Small businesses reach nirvana on Air Force's NetCents program

Small businesses must have good karma on the Air Force's Network Centric Solutions (NetCents) information technology contract. They have received $251 million of the $430 million contract dollars spent in the first year of the $9 billion program -- a 58 percent share of the wealth.

The Air Force planned to route 20 percent of the contract's revenues to the four small-business prime contractors on NetCents and earmarked another 20 percent for small-business subcontractors on the teams of the four large-business prime contractors.

But the Air Force has far exceeded its small-business contracting goals for NetCents. The service's contracting officials say this is because small businesses are simply getting the job done.

"They are working very hard. They want to serve their customers," said Melva Strang, former NetCents program manager and current chief of the products and services branch in the Headquarters Operations and Sustainment Systems Group -- the new name for the Air Force's IT acquisition and administration shop.

"They also give competitive bids and have efficient integrated processes," Cynthia Crews, the new program manager for NetCents, said of small businesses.

Small-business prime contractors received $206.3 million and small-business subcontractors received $44.7 million for NetCents in fiscal 2005.

Multimax, an IT reseller and services firm, led the pack with 287 task orders worth $71.1 million. Telos ranked second with 134 orders at $64.9 million, the Centech Group was in third with 126 orders at $51.3 million, followed by NCI Information Systems with 70 orders worth $19 million.

"We're trying to bid as much as we can," said Mack Griffin, Multimax's deputy program manager for NetCents, explaining the company's successful strategy.

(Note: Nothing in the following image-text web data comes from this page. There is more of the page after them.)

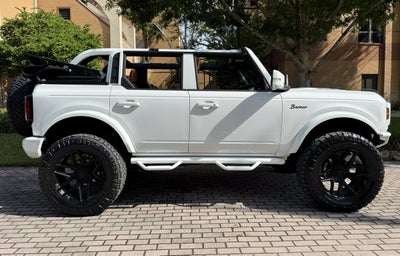 2025 Ford Bronco Outer Banks V6 Luxury Package Custom Lifted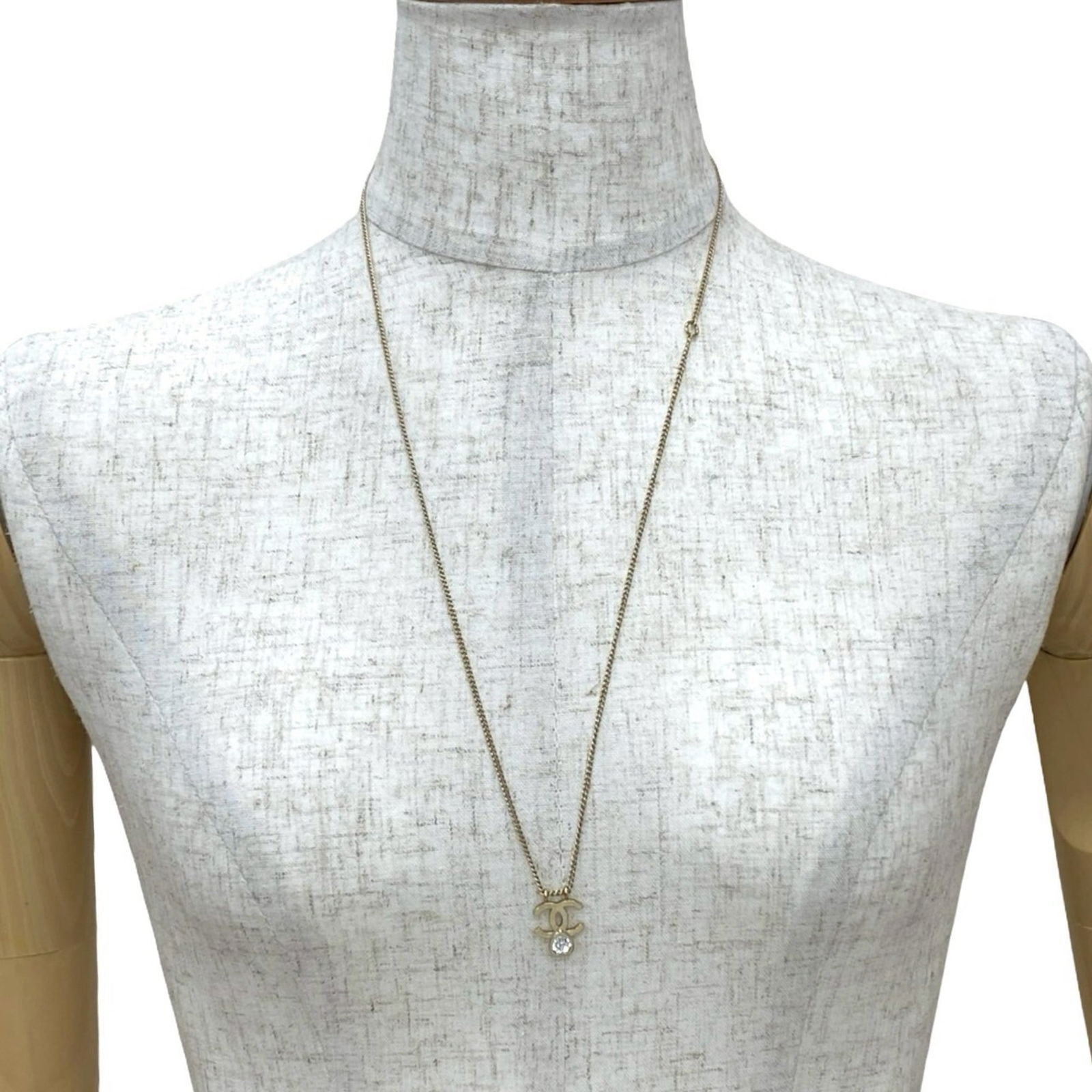 72508 CHANEL Coco Mark Motif GP Chain Necklace Pendant Choker Gold: 72508 CHANEL Coco Mark Motif GP Chain Necklace Pendant Choker Gold This listing features 72508 CHANEL Coco Mark Motif GP Chain Necklace Pendant Choker Gold. Item specifics are provided below. Item Spe
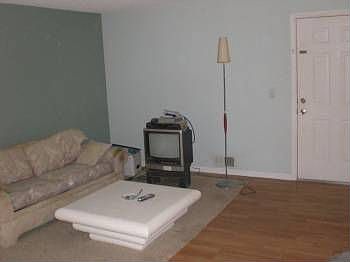 4th image of 36 Arapaho Pl #1718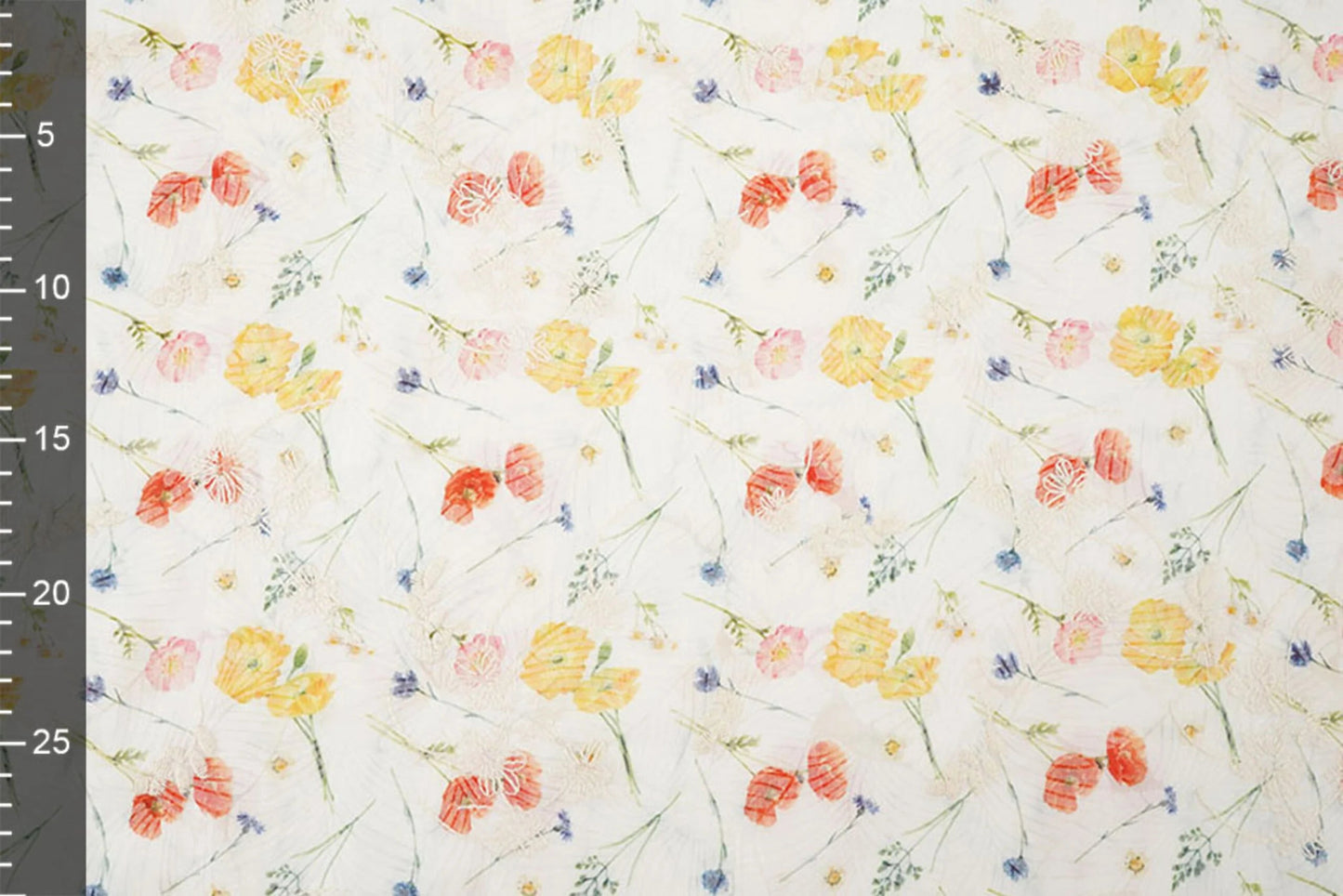 alt
Image of embroidered cotton fabric - summer flowers 115 g/m² – available at Šarlotes audumi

Griffin said Multimax has been fairly aggressive and agile in pursuing task orders. He said the company also had an advantage because it previously supported Air Force organizations and specializes in selling IT products, which is a component of the NetCents contract.

One of Multimax's largest IT products' deals with NetCents was a $4.3 million task order to supply Dell servers, EMC storage equipment and Argent software and support to U.S. Air Forces Europe in Germany. Another was a $2.1 million order for Cisco voice-over-IP products to Shaw Air Force Base in South Carolina, he said.

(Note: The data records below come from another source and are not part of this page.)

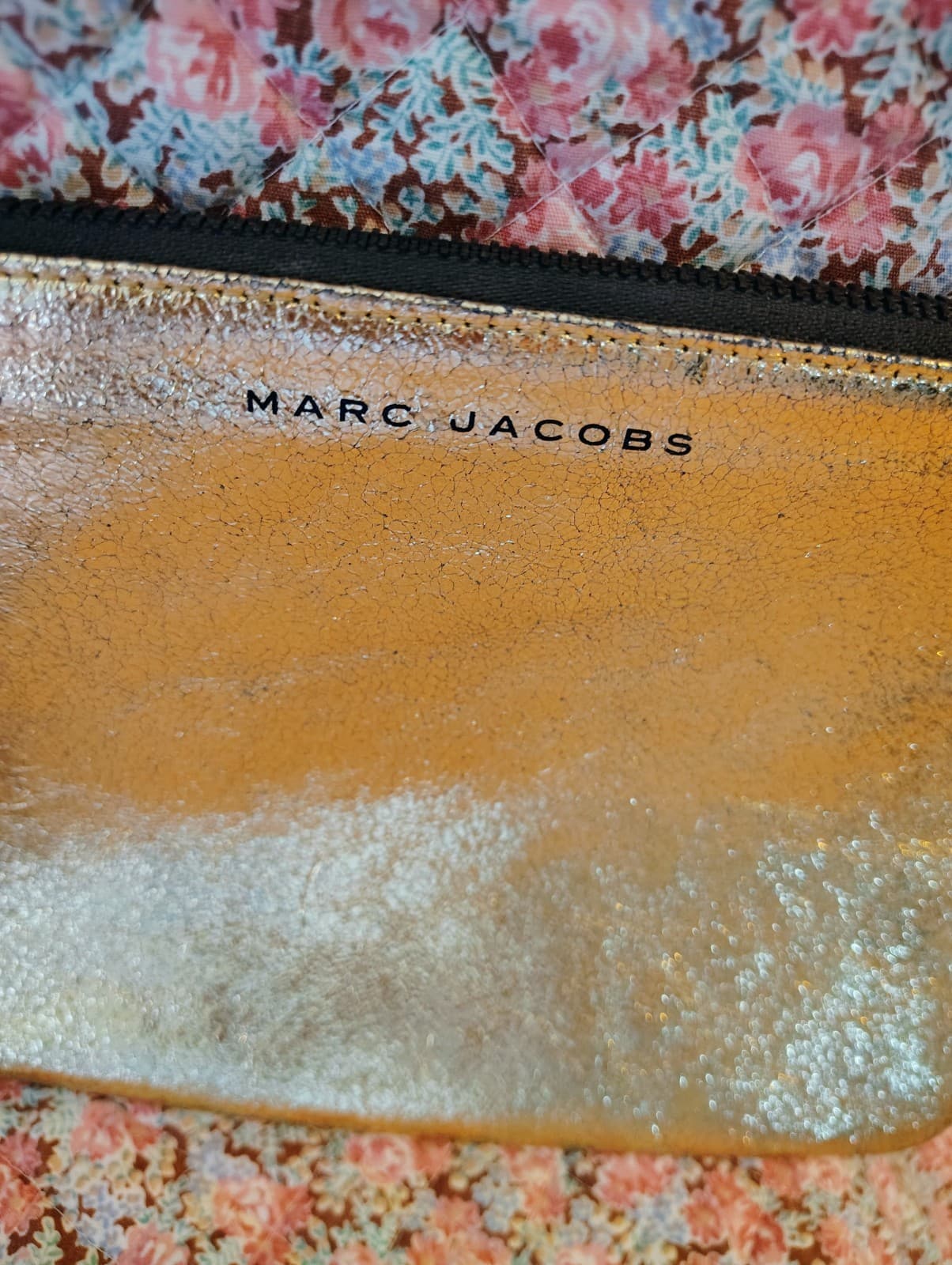Neiman Marcus Leather Marc Jacobs Metallic Gold Clutch Makeup Bag - Thumbnail 2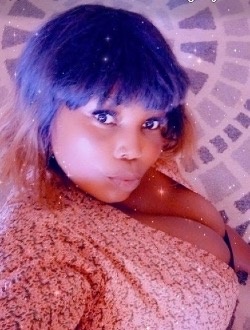 Brunelle's profile, a single 39-year-old a woman in Yaoundé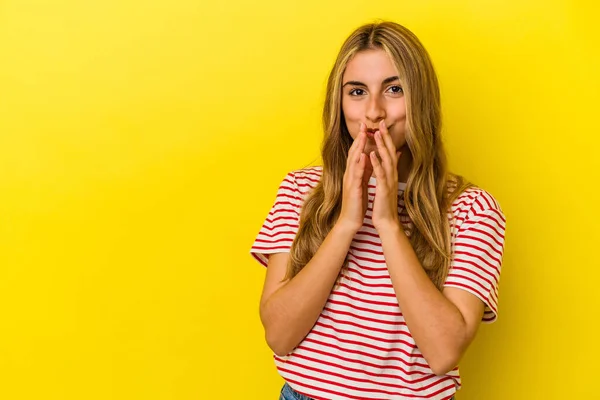 Jonge Blonde Blanke Vrouw Geïsoleerd Gele Achtergrond Make Plan Het — Stockfoto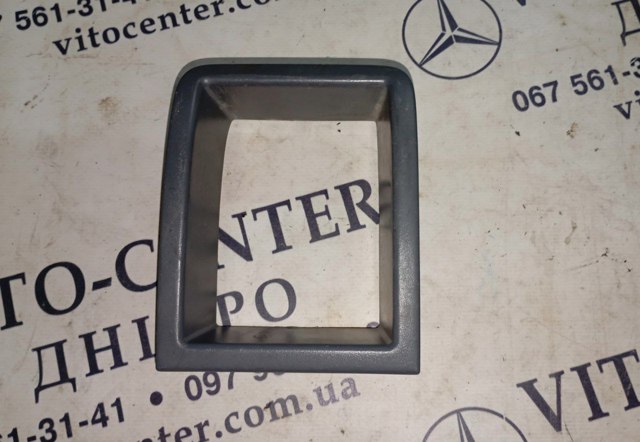Облицювання щитка приладів "торпедо" 6396890739 MERCEDES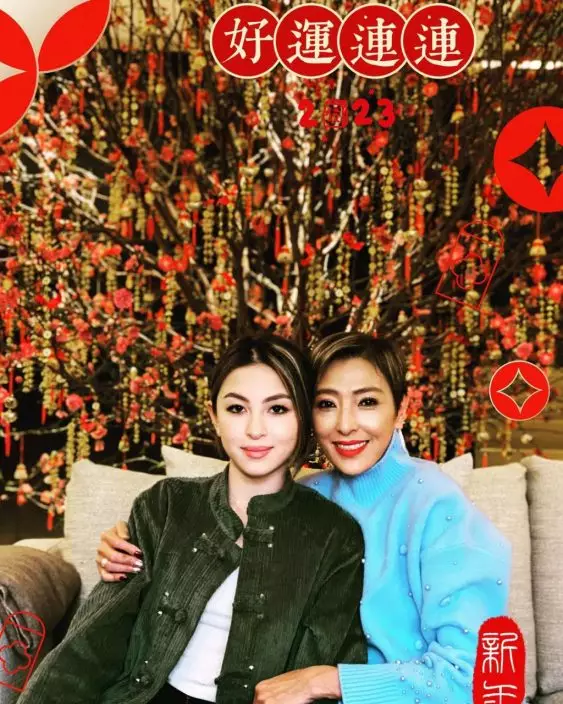 母女倆亦經常於IG大晒靚相非常吸Like。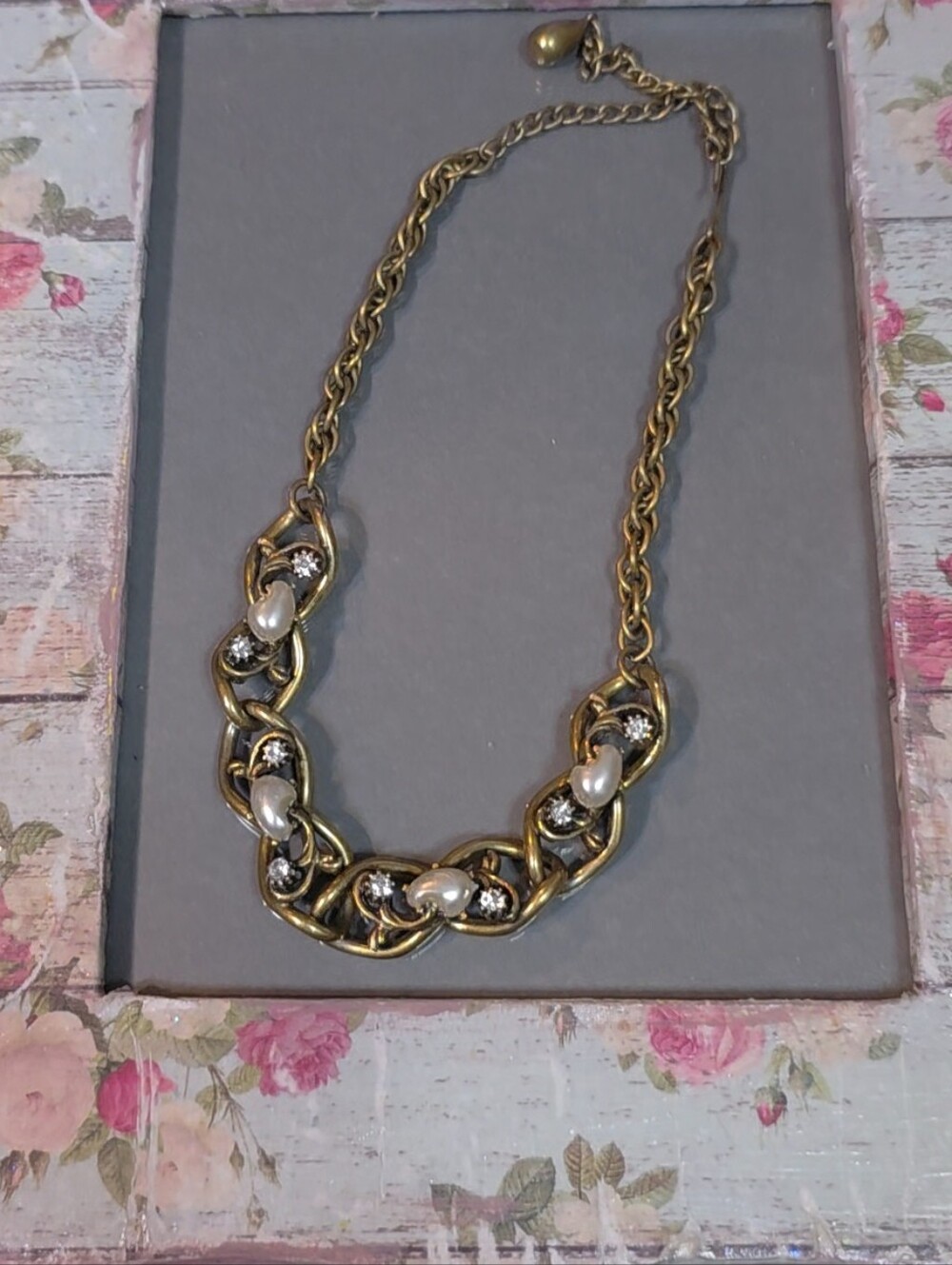 Gold Tone "Baby tooth" Faux pearl and rhinestone link necklace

However, Multimax is also winning IT services work under the contract. The company recently received a $37.6 million order to support Air Force organizations at Wright-Patterson Air Force Base in Ohio, a base that the company has supported since 2000, Griffin said.

Ralph Buona, vice president of business development at Telos, said the services firm has followed a similar strategy of trying to score as much business as possible. "We have very significant business development and proposal writing machines," he said.

Buona said small businesses have done well on NetCents because they do a better job working with Air Force organizations. In addition, some orders are small enough that larger companies might let them pass, but they are important to small firms.

"We pay very, very close attention" to opportunities, he said.

Buona said Telos has focused more on IT services work under the contract for two major reasons. "Solutions are more challenging and are worth more money," he said.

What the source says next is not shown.